Tam za tumanami, vechnymi p'yanymi,
Tam za tumanami bereg nash rodnoj.
Tam za tumanami, vechnymi p'yanymi,
Tam za tumanami bereg nash rodnoj.
Shepchutsya volny, i vzdyhayut, i poyut,
Ho ne pojmut oni, chudnye, ne pojmut.
Tam za tumanami, vechnymi p'yanymi,
Tam za tumanami lyubyat nas i zhdut.
Tam za tumanami, vechnymi p'yanymi,
Tam za tumanami lyubyat nas i zhdut.
Zhdyot Sevastopol', zhdyot Komchatka, zhdyot Kronshtadt!
Verit i zhdyot zemlya rodnyh svoih rebyat!
Tam za tumanami, vechnymi p'yanymi,
Tam za tumanami zheny ih ne spyat.
Tam za tumanami, vechnymi p'yanymi...
I my vernemsya, my konechno doplyvyom,
I ulybnemsya, i detej k grudi prizhmyom
Tam za tumanami, vechnymi p'yanymi,
Tam za tumanami pesnyu dopoyom.
Tam za tumanami, vechnymi p'yanymi,
Tam za tumanami pesnyu dopoyom.
Derrière les brumes
Mer bleue - juste la mer devant nous,
Mer bleue, et loin est le chemin vers la maison.
Là-bas derrière les brumes, éternelles et ivres,
Là-bas derrière les brumes, notre terre natale.
Là-bas derrière les brumes, éternelles et ivres,
Là-bas derrière les brumes, notre terre natale.
Les vagues murmurent, et soupirent, et chantent,
Mais elles ne comprendront pas, ces merveilles, elles ne comprendront pas.
Là-bas derrière les brumes, éternelles et ivres,
Là-bas derrière les brumes, elles nous aiment et nous attendent.
Là-bas derrière les brumes, éternelles et ivres,
Là-bas derrière les brumes, elles nous aiment et nous attendent.

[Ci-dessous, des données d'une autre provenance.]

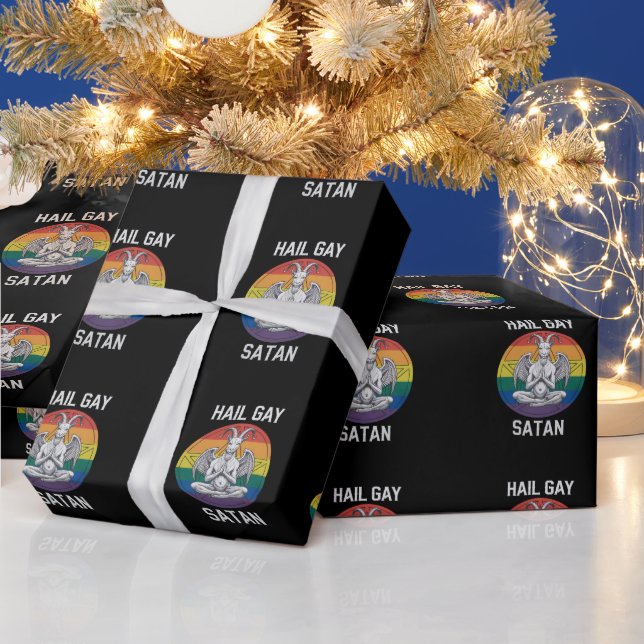 Hail Gay Satan Funny Goth Gothic Goat LGBTQ Wrapping Paper (Holidays)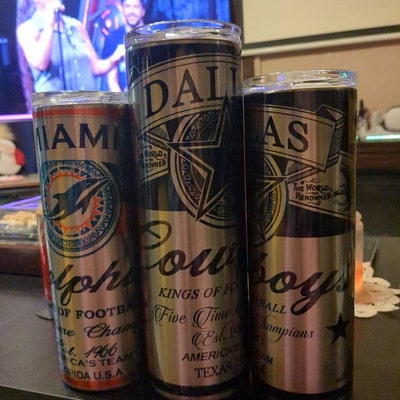30oz Skinny Tumbler. Dallas Cowboys Beer Can Inspired Design. With ...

Sévastopol attend, et la Kamtchatka attend, et Kronstadt attend !
Crois et attend, la terre de nos chers enfants !
Là-bas derrière les brumes, éternelles et ivres,
Là-bas derrière les brumes, leurs femmes ne dorment pas.
Là-bas derrière les brumes, éternelles et ivres...
Et nous reviendrons, nous allons bien y arriver,
Et nous sourirons, et nous serrerons nos enfants contre nous.
Là-bas derrière les brumes, éternelles et ivres,
Là-bas derrière les brumes, nous chanterons notre chanson.
Là-bas derrière les brumes, éternelles et ivres,
Là-bas derrière les brumes, nous chanterons notre chanson.